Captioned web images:
%%

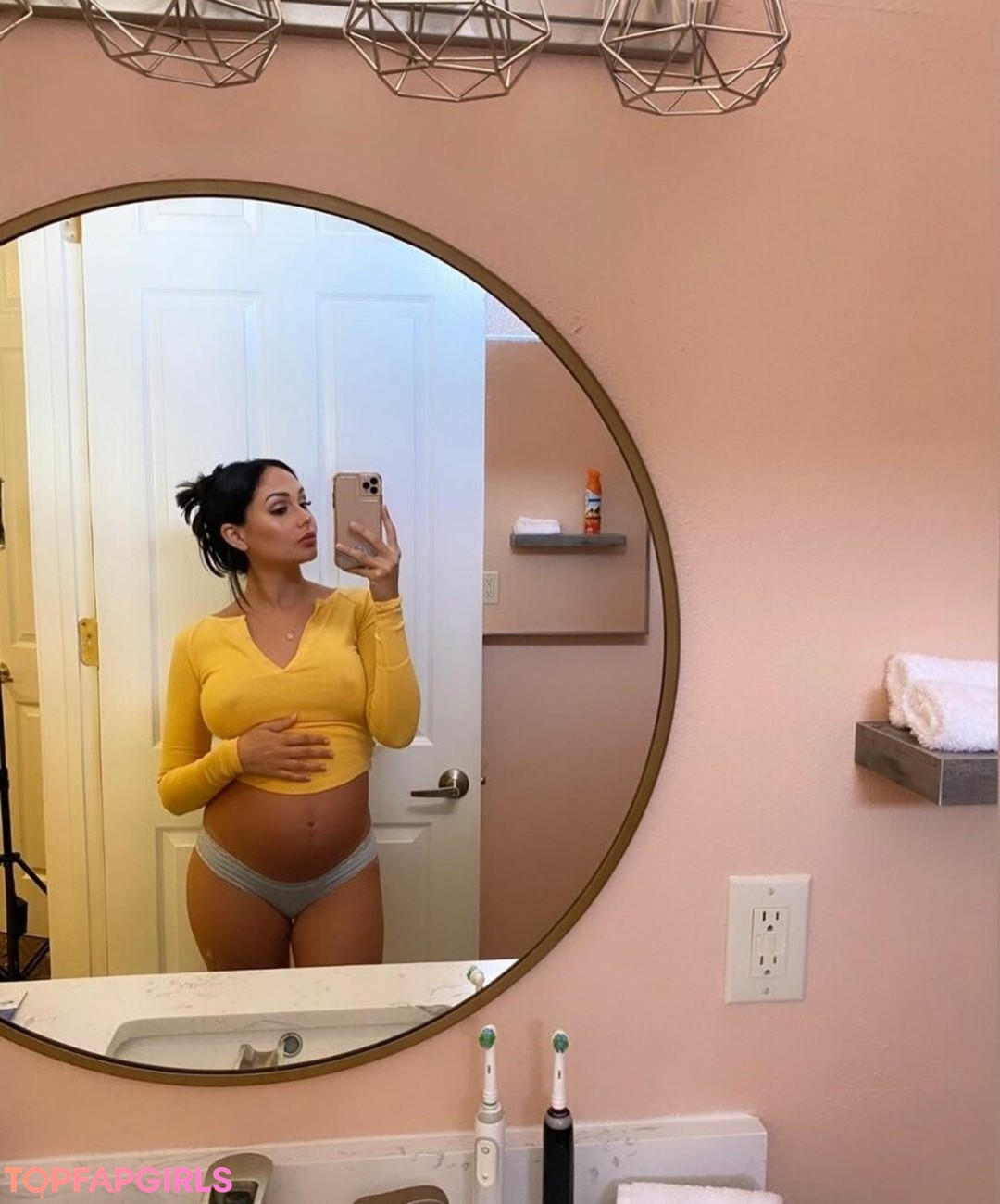 Foto desnuda filtrada de OnlyFans de Ariana Marie #487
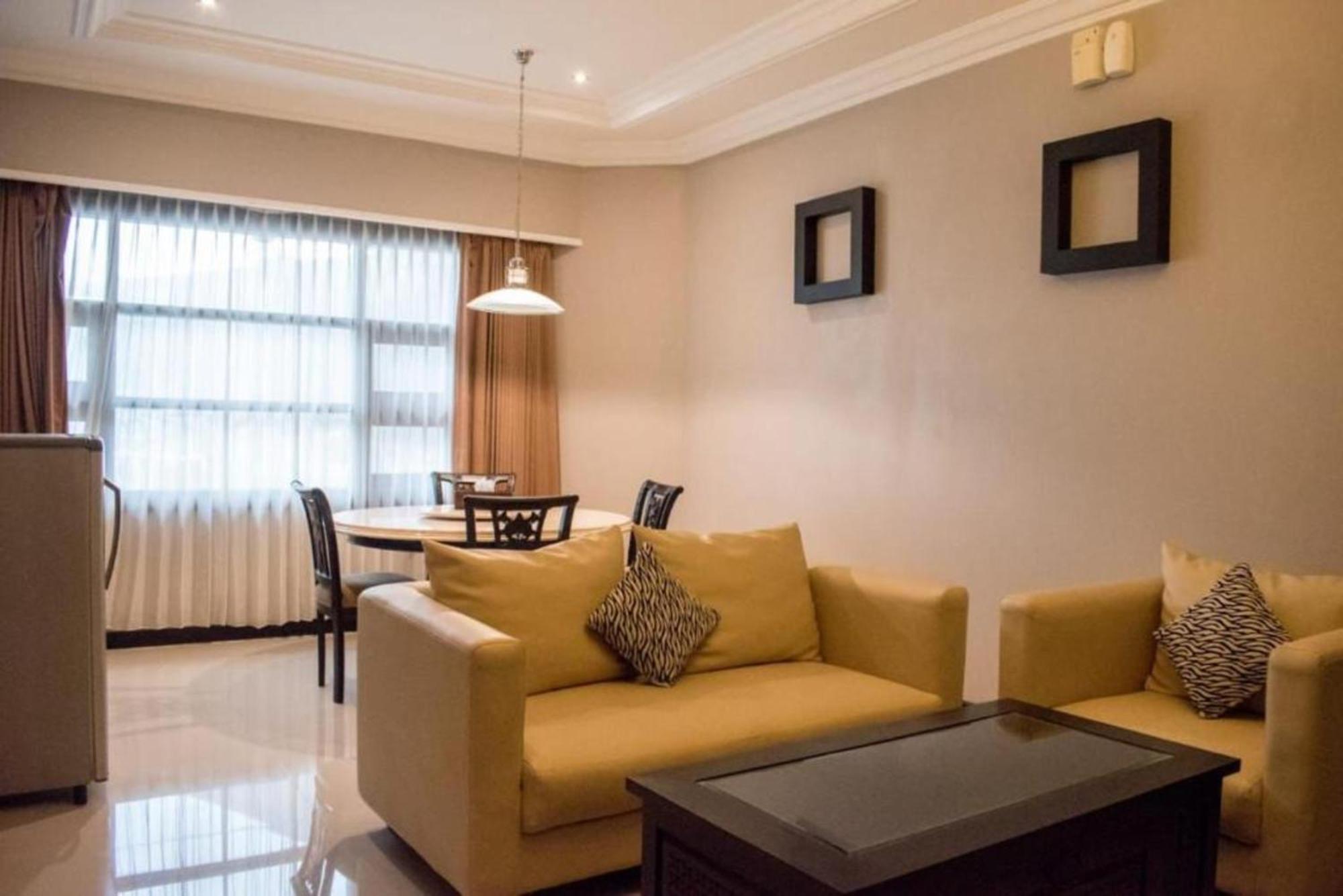Luminor Hotel Jember By Wh מראה חיצוני תמונה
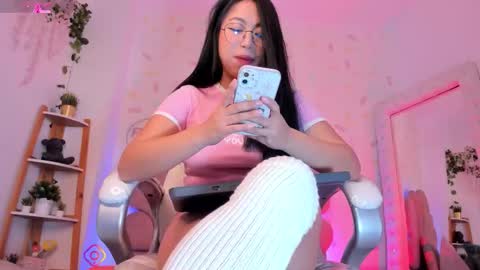 Kylie online show from 02.26.26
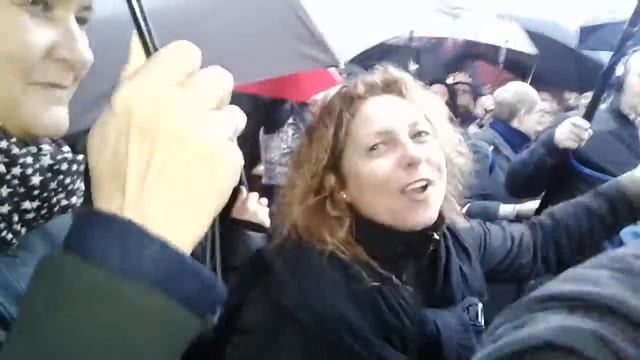 Протестующие варшавянки смотреть онлайн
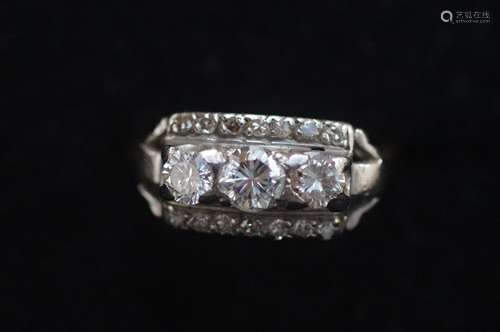 Art deco Diamond ring set in platinum & high carat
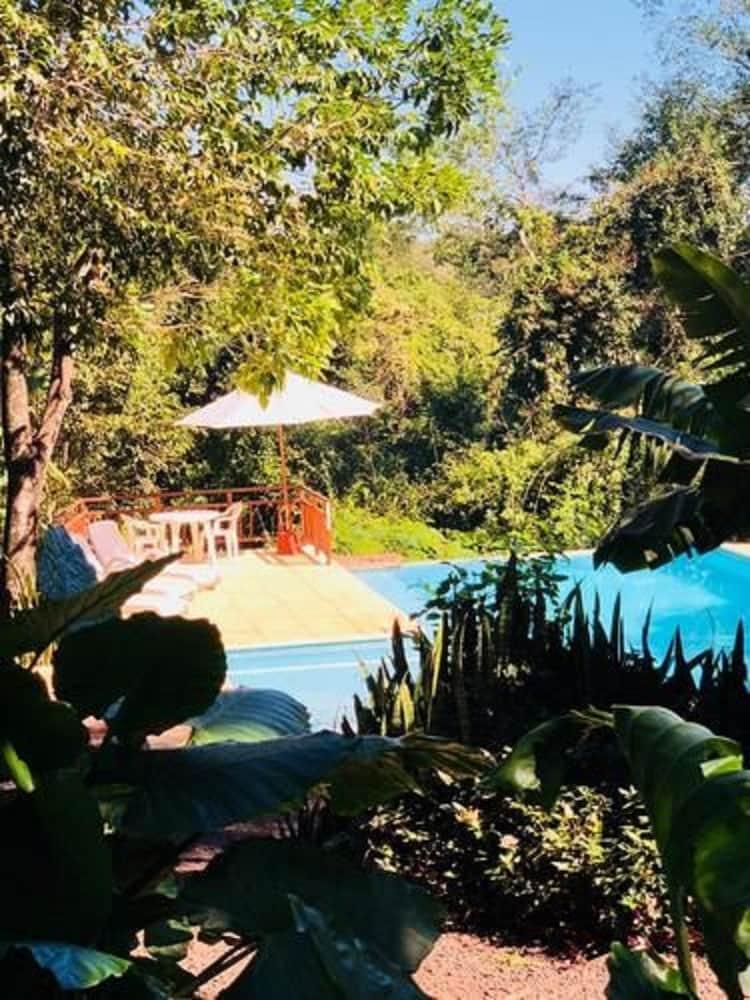 Raices Amambai Lodges Puerto Iguazú Extérieur photo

%%

Task details: All of the data is to be reproduced exactly, with the pictures left out.

Response:
 Foto desnuda filtrada de OnlyFans de Ariana Marie #487
Luminor Hotel Jember By Wh מראה חיצוני תמונה
 Kylie online show from 02.26.26
 Протестующие варшавянки смотреть онлайн
 Art deco Diamond ring set in platinum & high carat
 Raices Amambai Lodges Puerto Iguazú Extérieur photo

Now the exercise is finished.